According to Oil World latest forecast, Brazil and South America's soy bean reserves suffered a strong reduction following recent sales while the global supply could be affected depending on the US crop and weather in the northern hemisphere.
The oil seed reserves from Brazil, Argentina, Paraguay and Uruguay (Mercosur members), the region's main producers and exporters, stood at 53.1 million tons on July 1st, which is 20 million tons below the same date a year ago, pushed mainly by increased sales and milling.
"US soy reserves are expected to reach a minimum towards the end of August, which could cause difficulties for future deliveries in the first two to three September weeks, particularly if the crop suffers delays," adds the forecast.
Brazilian reserves stand at 27 million tons from 35 million in July 2008. This was caused by a boost of sales during June, 6.2 million tons compared to 3.54 million tons a year ago, spurred by the high prices of last year's crop.

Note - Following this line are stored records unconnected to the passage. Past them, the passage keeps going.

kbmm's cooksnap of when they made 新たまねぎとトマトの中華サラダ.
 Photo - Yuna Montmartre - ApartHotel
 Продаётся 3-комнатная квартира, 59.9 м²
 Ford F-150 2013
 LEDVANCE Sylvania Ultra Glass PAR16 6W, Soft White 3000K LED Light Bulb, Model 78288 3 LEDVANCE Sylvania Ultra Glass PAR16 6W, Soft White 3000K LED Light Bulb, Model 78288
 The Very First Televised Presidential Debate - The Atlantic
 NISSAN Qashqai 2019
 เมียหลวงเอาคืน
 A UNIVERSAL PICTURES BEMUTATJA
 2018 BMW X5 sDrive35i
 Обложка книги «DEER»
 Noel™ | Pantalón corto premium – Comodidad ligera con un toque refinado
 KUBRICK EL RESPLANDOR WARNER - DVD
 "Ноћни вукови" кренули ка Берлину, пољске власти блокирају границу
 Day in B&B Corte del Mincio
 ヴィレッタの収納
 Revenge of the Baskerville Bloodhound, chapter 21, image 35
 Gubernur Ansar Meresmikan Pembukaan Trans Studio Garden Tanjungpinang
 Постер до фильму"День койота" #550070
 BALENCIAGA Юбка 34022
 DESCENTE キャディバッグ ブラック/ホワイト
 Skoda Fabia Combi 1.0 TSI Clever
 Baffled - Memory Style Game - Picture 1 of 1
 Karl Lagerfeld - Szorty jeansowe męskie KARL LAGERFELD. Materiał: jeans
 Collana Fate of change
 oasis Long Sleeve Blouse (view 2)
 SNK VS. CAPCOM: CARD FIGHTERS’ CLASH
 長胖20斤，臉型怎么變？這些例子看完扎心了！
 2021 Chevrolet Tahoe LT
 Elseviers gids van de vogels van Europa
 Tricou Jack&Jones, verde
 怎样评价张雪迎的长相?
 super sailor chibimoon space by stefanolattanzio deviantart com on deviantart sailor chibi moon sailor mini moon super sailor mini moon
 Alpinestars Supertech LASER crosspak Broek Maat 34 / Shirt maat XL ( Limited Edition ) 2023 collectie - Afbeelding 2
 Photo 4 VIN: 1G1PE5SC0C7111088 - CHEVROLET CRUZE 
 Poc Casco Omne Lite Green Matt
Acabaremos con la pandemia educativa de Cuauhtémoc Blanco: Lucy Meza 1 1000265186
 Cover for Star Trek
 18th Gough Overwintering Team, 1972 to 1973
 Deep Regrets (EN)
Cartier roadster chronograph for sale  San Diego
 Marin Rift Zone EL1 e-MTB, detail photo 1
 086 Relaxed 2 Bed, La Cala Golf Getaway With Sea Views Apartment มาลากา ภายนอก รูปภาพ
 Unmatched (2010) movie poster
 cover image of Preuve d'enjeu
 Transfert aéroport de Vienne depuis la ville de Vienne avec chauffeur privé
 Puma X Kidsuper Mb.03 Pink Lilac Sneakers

In Argentina reserves are down to 24.2 million tons from almost 35 million tons in July 2008, said Oil World. Based on these figures export estimates for the rest of the year until February 2010 are forecasted in 1.3 million tons compared to the 7.2 million tons of the same period a year ago.
"Argentina farmers could act cautiously and make few deals in the coming weeks, since they are not short of money given the high level of operations in recent months," said the report.
Following the results of the mid term elections at the end of June Argentine farmers are hopeful that Congress could reduce export taxes on grains and oilseeds over which they have clashed with President Cristina Fernandez de Kirchner administration for the last 18 months negatively altering planting decisions and activities.